Conservatism Politics US Politics

The race to replace Pete King

Sporting a slick hairdo and slicker website, Mike LiPetri has a polish that many New York Republicans lack

November 18, 2019

11:44 AM

18 November 2019

11:44 AM

Last Monday, Rep. Peter T. King announced his retirement at the end of this, his 14th term. The candidates now running to succeed him will have more than just a congressional seat to fill.

You see, Pete King is a New York legend.

With his rip-roaring rhetoric and unabashed Irish Catholicism, and without airbrushing or a filter, King has been an enduring holdout of old school New York politics.

banner

Moreover, his commitment to national security and justice for 9/11 victims made him a powerful, if controversial, advocate for his Long Island constituency.

The 2018 midterms, not great for House Republicans, still saw King returned with a firm six percent majority. His past victory margins ranged up to 45 percent (in 2002).

So, King leaves to enjoy his golden years — he is 75, after all — and perhaps write another semi-autobiographical novel.

Right now, three candidates have filed with the FEC to run for the seat. Two Democrats, Jackie Gordon and Mike Sax, filed last spring.

Gordon is a guidance counselor, combat veteran, and councilwoman for the town of Babylon, New York. She keeps a polished website. Hers is the moderate platform of a Democrat running to win in an R+3 district. Her web presence is, refreshingly, free of pseudo-socialist or Trump-crazed ranting.

A candidate to watch, Gordon has raised $187,941.23 since filing last May.

Meanwhile, her Democratic opponent, Sax makes clear on his eccentric, #Resistance-style website that his single-issue is impeachment. Despite filing last March, he has not declared any contributions.

The first Republican, Suffolk County elections commissioner Nick LaLota, launched his campaign on November 15. A self-described ‘hard-charging veteran,’ LaLota, 41, is a US Naval Academy grad and family man. His web presence is underdeveloped, and having filed so recently, he has not had to divulge finances.

Right now, further entrants to the Democratic field are uncertain. According to the Daily Kos, Suffolk County Executive Steven Bellone and DA Tim Sini, both Dems, have declined to seek their party’s nomination for the seat. Crain’s had floated Bellone as a would-be frontrunner, ‘looming in the background.’

Democrat Christine Pellegrino, a former New York State Assemblywoman, might run for the seat, but Crain’s reported she was more interested in a State Senate campaign.

This is probably a safer bet for the Sanders-supporting one-term representative, who lost her seat to a Republican in 2018. That victorious Republican might be the true frontrunner looming in the background.

Enter Mike LiPetri.
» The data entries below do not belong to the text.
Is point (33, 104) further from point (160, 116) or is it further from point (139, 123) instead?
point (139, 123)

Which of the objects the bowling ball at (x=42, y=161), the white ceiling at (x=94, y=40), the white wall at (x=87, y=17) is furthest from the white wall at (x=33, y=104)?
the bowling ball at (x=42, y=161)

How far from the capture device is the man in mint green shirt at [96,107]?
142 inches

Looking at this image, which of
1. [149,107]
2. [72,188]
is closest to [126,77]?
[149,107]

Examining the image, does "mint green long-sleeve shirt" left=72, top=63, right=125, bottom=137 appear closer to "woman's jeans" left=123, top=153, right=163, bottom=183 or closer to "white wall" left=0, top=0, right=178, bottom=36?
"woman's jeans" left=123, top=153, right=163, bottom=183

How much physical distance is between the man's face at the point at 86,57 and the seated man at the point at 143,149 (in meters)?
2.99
The 29-year-old lawyer beat Pellegrino by 12 percent amid an otherwise abysmal election for the NYGOP. Sporting a slick hairdo and slicker website, LiPetri has a polish that many New York Republicans lack.

This October, the White House invited LiPetri to join the delegation welcoming Italian president Sergio Mattarella. While in DC, he met with King ‘to discuss some of the critical issues we face in New York.’
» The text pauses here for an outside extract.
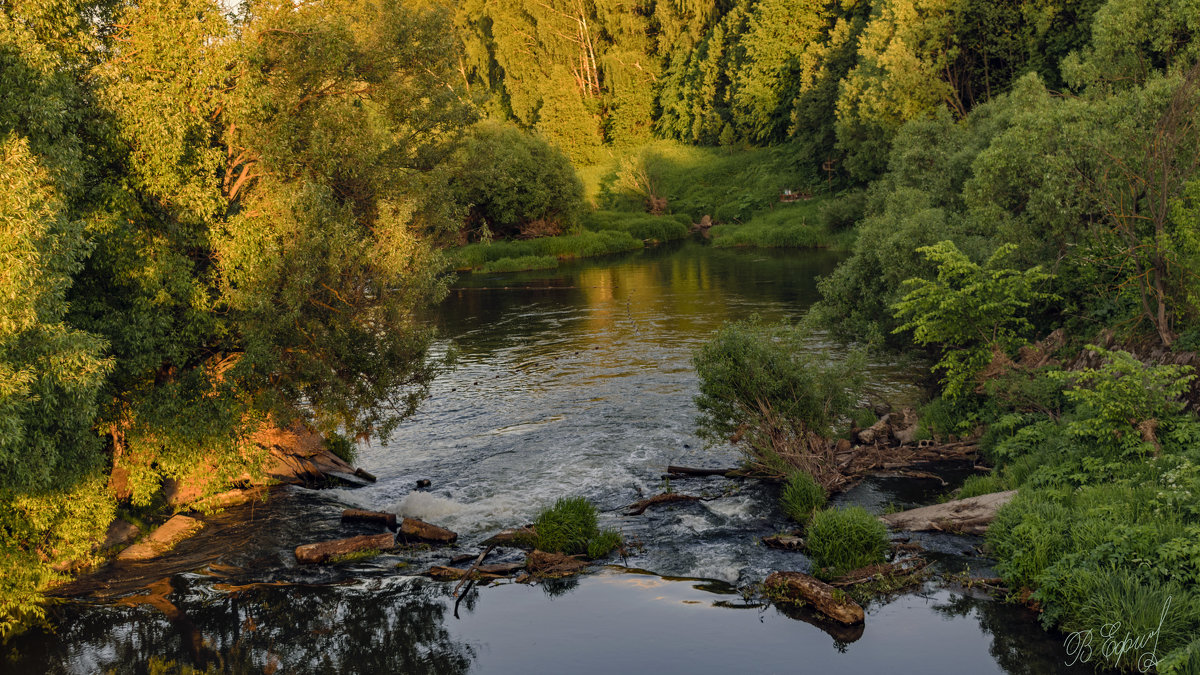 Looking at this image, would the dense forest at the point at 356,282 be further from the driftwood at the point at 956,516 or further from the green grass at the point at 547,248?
the green grass at the point at 547,248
It’s hard to imagine that their private discussion didn’t include King tapping LiPetri as dauphin.

But LiPetri insists he’s not running. Well, not yet.

‘At the moment, I’m just reflecting on how I can best be a voice for the South Shore of Long Island,’ he told me. ‘I don’t rule anything out. But, there’s no definitive announcement coming, at this time.’
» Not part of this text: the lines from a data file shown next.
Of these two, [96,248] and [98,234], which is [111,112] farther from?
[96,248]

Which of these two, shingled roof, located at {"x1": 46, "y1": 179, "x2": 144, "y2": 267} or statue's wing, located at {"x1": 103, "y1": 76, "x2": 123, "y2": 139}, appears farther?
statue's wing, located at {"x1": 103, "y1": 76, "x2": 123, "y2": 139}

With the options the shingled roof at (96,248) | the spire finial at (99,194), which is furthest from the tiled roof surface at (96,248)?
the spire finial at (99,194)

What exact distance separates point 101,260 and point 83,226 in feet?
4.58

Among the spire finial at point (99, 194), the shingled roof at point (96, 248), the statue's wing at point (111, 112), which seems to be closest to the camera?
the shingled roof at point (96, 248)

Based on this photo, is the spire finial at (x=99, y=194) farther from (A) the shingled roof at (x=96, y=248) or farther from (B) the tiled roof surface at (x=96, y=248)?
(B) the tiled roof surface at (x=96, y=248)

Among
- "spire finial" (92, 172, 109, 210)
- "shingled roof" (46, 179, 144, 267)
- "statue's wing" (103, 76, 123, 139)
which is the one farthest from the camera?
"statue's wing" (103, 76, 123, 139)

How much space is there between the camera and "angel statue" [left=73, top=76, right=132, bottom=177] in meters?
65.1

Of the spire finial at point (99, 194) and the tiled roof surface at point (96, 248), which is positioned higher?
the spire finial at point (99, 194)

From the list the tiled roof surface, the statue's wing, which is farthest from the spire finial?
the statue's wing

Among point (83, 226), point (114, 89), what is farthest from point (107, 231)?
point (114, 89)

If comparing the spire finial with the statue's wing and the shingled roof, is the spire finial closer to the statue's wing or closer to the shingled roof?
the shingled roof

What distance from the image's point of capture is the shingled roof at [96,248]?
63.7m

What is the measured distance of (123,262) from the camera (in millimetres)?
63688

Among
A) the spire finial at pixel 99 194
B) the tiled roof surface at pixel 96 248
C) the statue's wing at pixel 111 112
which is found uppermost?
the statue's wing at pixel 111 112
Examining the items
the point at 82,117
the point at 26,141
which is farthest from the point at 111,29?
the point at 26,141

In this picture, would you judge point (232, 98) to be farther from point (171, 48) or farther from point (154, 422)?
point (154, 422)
When asked about calls for him to run, he chuckled. ‘There’s definitely been an outpouring of support for me.’

‘You know, candidate transparency is key,’ he said. “People care about it, and I’m not here to play games. But I can’t make a definite announcement. I’m just weighing all options.’

In the not-unlikely event that LiPetri does run, his youth and energy would carry him to the nomination and possibly Congress.

But, it is a far greater challenge for any politician to replicate the character and authenticity of Pete King.